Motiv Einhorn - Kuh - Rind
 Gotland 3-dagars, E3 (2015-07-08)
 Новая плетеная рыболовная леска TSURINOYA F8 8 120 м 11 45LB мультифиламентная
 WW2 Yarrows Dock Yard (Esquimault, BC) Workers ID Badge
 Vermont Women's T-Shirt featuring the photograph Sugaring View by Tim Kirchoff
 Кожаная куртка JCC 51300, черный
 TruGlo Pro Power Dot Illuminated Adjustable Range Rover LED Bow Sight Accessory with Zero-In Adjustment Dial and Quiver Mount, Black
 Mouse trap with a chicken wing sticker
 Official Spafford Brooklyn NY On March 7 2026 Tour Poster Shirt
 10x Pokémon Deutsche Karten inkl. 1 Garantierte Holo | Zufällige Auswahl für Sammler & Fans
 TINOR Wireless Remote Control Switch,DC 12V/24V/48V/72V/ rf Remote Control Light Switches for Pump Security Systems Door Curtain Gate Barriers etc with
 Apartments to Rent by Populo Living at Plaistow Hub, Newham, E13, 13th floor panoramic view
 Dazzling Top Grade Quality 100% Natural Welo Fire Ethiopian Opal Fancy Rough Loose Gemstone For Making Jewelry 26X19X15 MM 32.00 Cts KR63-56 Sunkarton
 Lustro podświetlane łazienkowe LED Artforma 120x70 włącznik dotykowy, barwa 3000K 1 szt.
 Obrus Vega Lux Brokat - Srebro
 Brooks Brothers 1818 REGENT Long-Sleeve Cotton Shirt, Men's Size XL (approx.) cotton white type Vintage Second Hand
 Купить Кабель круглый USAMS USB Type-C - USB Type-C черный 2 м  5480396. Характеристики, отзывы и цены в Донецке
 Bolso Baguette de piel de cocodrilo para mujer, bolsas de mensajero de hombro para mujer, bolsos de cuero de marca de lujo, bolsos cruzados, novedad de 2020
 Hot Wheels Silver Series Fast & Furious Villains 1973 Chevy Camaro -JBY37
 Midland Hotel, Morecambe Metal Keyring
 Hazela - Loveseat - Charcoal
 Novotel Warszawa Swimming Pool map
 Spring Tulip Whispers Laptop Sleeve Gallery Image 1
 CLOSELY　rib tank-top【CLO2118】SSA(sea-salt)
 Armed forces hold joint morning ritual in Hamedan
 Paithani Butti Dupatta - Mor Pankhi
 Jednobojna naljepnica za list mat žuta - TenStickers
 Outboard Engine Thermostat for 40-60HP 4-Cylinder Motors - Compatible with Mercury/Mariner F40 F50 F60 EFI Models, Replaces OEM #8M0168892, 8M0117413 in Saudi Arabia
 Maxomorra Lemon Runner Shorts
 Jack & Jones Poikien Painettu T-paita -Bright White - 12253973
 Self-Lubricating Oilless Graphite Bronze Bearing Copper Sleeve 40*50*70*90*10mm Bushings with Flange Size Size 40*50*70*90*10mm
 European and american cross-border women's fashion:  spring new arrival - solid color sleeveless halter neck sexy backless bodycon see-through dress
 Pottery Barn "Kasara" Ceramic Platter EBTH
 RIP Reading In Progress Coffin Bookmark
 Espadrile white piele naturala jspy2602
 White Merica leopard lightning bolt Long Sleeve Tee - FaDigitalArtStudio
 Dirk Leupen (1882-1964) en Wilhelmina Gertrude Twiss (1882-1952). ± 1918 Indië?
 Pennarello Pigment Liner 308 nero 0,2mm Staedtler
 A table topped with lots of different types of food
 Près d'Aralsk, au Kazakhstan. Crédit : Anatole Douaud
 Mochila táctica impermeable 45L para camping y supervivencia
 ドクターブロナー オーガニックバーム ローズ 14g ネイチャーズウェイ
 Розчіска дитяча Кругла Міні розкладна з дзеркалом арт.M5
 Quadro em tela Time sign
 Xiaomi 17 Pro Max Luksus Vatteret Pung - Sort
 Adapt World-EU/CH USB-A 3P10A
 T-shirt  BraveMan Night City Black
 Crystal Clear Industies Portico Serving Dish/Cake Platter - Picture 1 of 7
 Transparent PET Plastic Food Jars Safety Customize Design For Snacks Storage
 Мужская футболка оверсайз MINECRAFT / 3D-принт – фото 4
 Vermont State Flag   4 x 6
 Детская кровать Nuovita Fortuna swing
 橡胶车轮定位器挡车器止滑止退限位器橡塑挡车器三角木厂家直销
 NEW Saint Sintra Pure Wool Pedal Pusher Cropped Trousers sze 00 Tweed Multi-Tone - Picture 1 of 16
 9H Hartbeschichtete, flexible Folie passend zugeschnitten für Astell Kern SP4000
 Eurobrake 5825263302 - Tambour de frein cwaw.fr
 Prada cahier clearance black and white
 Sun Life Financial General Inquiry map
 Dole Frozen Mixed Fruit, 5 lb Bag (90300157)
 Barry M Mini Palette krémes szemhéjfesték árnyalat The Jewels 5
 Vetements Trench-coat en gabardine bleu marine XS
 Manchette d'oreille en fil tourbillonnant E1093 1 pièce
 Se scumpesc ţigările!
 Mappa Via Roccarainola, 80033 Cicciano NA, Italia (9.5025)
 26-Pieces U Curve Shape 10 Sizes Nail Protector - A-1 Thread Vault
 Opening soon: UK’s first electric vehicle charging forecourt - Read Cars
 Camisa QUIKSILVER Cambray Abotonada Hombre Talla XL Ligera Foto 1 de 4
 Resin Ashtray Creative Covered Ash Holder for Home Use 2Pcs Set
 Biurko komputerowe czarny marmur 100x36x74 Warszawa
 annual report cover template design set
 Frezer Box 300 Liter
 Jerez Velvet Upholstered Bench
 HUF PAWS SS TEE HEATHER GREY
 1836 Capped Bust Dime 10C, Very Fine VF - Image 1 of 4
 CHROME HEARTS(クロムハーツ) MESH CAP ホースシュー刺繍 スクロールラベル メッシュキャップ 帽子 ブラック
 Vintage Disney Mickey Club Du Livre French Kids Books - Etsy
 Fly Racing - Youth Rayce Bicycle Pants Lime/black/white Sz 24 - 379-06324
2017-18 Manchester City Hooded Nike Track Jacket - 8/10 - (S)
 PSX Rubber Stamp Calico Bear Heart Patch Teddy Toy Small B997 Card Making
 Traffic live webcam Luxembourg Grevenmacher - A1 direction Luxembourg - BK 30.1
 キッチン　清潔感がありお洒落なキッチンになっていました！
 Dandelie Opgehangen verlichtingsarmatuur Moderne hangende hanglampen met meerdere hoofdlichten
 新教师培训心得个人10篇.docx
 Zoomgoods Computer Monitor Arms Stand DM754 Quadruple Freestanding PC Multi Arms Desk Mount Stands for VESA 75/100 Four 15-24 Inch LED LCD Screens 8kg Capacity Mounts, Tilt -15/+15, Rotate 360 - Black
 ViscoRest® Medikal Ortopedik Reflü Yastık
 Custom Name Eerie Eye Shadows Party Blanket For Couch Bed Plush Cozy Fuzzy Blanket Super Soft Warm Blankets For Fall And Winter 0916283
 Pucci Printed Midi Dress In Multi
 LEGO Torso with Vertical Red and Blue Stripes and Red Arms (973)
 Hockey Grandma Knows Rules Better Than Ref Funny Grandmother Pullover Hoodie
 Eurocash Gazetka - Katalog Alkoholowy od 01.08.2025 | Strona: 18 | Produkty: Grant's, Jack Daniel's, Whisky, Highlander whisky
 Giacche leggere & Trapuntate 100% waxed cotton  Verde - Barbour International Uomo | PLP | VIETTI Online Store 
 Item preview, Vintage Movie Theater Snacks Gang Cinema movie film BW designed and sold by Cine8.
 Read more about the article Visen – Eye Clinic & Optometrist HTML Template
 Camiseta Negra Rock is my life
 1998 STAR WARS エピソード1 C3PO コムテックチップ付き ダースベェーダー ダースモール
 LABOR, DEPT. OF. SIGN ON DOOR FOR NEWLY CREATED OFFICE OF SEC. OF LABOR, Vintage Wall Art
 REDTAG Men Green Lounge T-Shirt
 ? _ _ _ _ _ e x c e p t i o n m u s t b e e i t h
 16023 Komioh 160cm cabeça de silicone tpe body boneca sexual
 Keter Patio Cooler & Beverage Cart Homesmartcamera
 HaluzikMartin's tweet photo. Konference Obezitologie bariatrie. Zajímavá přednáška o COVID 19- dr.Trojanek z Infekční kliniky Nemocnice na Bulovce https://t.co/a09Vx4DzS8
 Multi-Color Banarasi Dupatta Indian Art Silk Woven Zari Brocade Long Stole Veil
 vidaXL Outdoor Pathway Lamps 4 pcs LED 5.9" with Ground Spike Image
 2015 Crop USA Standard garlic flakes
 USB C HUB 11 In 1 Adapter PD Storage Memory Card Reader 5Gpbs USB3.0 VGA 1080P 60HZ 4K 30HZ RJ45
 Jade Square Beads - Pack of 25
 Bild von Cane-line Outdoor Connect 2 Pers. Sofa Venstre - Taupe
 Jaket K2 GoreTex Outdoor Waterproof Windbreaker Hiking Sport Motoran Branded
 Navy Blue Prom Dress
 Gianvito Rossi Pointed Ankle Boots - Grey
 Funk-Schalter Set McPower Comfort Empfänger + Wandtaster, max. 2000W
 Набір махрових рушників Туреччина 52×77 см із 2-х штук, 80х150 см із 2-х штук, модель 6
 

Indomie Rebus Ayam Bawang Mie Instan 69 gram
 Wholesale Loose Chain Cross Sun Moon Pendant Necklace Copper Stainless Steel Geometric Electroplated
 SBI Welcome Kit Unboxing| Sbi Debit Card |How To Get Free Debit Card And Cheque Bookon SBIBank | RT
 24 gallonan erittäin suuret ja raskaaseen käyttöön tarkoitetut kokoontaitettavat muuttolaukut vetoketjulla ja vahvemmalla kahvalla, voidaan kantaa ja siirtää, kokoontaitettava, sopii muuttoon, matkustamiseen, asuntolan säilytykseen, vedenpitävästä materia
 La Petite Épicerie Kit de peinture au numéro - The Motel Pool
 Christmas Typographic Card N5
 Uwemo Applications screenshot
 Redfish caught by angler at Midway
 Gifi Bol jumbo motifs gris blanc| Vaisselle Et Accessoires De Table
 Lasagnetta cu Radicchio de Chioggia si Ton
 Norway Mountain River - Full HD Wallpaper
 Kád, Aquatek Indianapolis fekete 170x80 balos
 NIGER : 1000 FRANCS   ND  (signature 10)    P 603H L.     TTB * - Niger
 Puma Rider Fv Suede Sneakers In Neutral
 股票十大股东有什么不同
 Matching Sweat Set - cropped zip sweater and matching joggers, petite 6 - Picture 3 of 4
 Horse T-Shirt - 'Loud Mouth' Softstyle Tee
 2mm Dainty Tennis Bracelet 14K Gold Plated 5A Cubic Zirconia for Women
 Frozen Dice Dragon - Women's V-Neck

□ □ □ □ □ □ □

# ABOUT THIS EXERCISE:
Beginning with the line that has "Quadro em tela Time sign" and ending with the line that has "橡胶车轮定位器挡车器止滑止退限位器橡塑挡车器三角木厂家直销", set down the lines above exactly and include no others.

# RESPONSE BELOW:
 Quadro em tela Time sign
 Xiaomi 17 Pro Max Luksus Vatteret Pung - Sort
 Adapt World-EU/CH USB-A 3P10A
 T-shirt  BraveMan Night City Black
 Crystal Clear Industies Portico Serving Dish/Cake Platter - Picture 1 of 7
 Transparent PET Plastic Food Jars Safety Customize Design For Snacks Storage
 Мужская футболка оверсайз MINECRAFT / 3D-принт – фото 4
 Vermont State Flag   4 x 6
 Детская кровать Nuovita Fortuna swing
 橡胶车轮定位器挡车器止滑止退限位器橡塑挡车器三角木厂家直销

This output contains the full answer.